Having trained in film studies, Gago tells me he has chosen to work with still photography rather than the moving image to investigate the notion of the Pacific identity in visual culture. “I am not in a rush to make a film. Right now I want to look at the still narrative to develop my own visual and cultural language. I’m really interested in this idea of cultural framing especially in relation to Maori and Pacific and New Zealand identities, and what that could possibly look like. Over the last four years I’ve spent that brief period developing my own cultural framing and trying to figure out how to build a narrative within the still frame; something that is equally complex and layered as say a video or a film with the intention of arriving at film practice sometime in the future”.
He says taking a slower approach is necessary as the work is quite “personal and intimate and it deals with the politics of real living people…sometimes you just can’t rush that process. It takes a lot of getting to know your subjects and building relationships and connections with them because I am basically capturing their identity. For me it has to be a meaningful experience”.
Currently the focus is on his peers, he is 30 years old, and younger people because he feels their identity is underrepresented in the broader understanding of Pacific culture. “These kids are building their identities from scratch because they are three generations removed from the Pacific. They don’t always necessarily grow up learning their language or being embedded in the cultural framework. I am interested in that for the moment”.
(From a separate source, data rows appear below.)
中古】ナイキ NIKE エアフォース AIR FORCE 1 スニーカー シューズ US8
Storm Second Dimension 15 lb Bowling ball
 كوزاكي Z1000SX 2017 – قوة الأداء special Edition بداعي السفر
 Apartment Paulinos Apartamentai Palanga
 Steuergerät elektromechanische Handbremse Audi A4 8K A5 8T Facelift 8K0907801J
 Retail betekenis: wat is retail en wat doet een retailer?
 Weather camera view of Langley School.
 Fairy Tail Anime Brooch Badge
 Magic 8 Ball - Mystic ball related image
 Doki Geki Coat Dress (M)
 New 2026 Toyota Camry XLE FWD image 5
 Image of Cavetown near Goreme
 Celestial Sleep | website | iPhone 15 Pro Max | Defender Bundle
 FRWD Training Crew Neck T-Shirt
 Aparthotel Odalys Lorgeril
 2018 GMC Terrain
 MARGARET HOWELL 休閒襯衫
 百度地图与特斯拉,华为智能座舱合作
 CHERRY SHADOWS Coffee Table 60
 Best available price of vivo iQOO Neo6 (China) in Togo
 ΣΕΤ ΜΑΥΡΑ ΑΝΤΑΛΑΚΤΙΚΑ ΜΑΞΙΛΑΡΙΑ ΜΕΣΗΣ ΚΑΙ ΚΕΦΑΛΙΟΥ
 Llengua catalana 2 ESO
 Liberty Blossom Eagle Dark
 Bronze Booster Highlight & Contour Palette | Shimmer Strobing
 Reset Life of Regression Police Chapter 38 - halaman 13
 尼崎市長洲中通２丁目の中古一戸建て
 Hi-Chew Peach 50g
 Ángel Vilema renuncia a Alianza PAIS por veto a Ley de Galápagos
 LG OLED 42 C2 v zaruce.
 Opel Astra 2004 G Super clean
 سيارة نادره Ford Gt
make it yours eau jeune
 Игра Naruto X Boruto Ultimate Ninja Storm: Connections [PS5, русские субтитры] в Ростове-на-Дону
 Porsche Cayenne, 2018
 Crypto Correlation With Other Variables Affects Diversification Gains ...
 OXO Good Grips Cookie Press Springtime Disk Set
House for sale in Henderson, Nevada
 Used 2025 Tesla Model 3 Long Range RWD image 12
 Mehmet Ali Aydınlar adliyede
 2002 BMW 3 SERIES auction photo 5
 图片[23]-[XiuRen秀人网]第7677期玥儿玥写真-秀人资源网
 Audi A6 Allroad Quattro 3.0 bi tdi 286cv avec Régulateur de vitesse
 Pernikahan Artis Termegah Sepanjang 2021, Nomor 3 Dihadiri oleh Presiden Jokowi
But he has ideas to also pursue stories that investigate the generation of his parents. Gago is Samoan, but was adopted by an Anglo New Zealand family when he was a child. In many ways his artistic practice is also a personal exploration of his birth parents’ culture and he is able to approach the subject matter from a duality of cultural perspectives. “I grew up in a very euro-centric Kiwi family and thought of myself as a Kiwi throughout my teenage years. I didn’t really access my cultural heritage until I was an adult”.
The commission for the Auckland Festival is the first time Gago has photographed the women in his Pacific family and community. He says it is a natural progression from his earlier work dealing with masculine identities, and also queer identity in the Pacific, which he says is even more invisible within Pacific cultural representation.
“To balance out the narrative I wanted to look at the women in my family. I talked to a lot of people about what they imagine the Pacific experience is for women. Many said ‘oh aren’t they unemployed, with like nine kids sitting at home wearing Mena dresses and huge flowers behind their ears! That’s what people outside of my community think, and that’s their lasting image, which is perpetuated by advertising and national rhetoric that really promotes New Zealand as being a Pacific country and the women as decorations.”
He says the reference to the Mena dress really impacted him as these dresses are extremely expensive and many families can’t afford them; the association rankled him enough that he decided to wrap one of his subjects in a large swathe of floral fabric as a kind of protest against the ridiculous assumptions and the ignorance around the Pacific culture.
During our Skype interview I share the news with Gago that the Festival’s Director Julia Durkin had told me she thought his work was the ‘best commissioned piece’ so far. “That’s awesome, I’m really flattered. I didn’t realise how happy they were with the work. This is the first I’ve heard that, so thank you. I don’t know if you can tell, but I’m kind of blushing,” he smiles shyly.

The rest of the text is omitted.